→ **WHAT NEEDS TO BE DONE**:
A word-for-word reproduction of the data below is needed, with no pictures in it.

→ **DATA**:
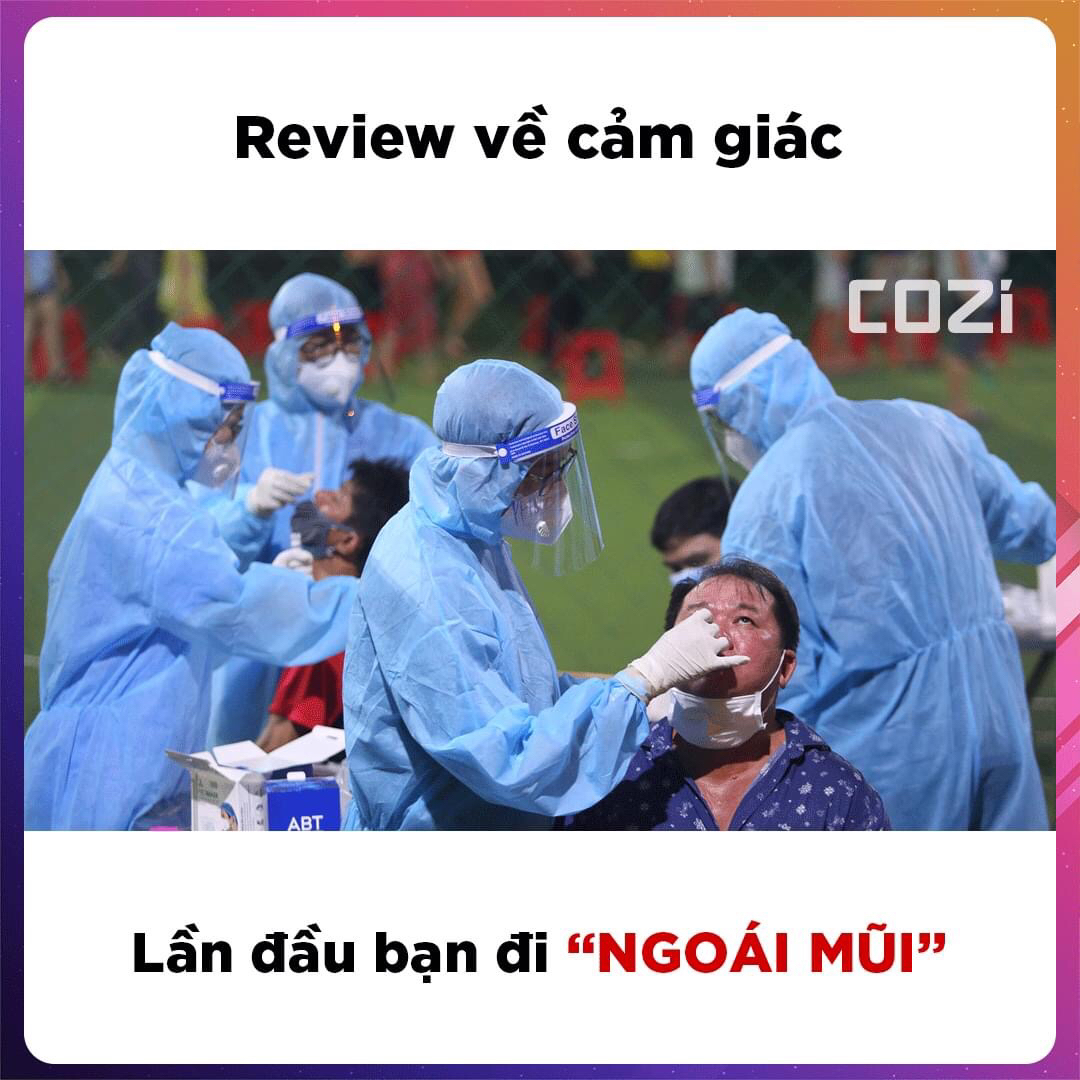 a7d5f43170993aa2c1d2.jpg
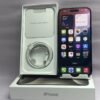 iPhone 15 Pro Max 256g Unlocked any carrier 6W95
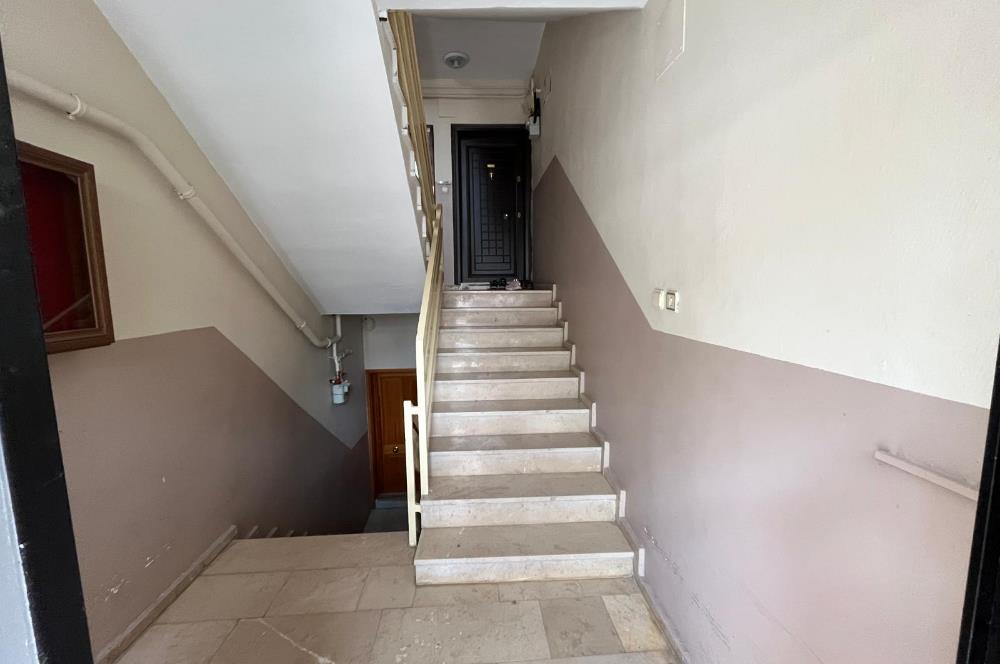 CENTURY21 BAL'DAN PAŞAALANI MAHALLESİNDE KİRALIK 3+1 DAİRE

→ **TASK SOLUTION**:
 a7d5f43170993aa2c1d2.jpg
 iPhone 15 Pro Max 256g Unlocked any carrier 6W95
 CENTURY21 BAL'DAN PAŞAALANI MAHALLESİNDE KİRALIK 3+1 DAİRE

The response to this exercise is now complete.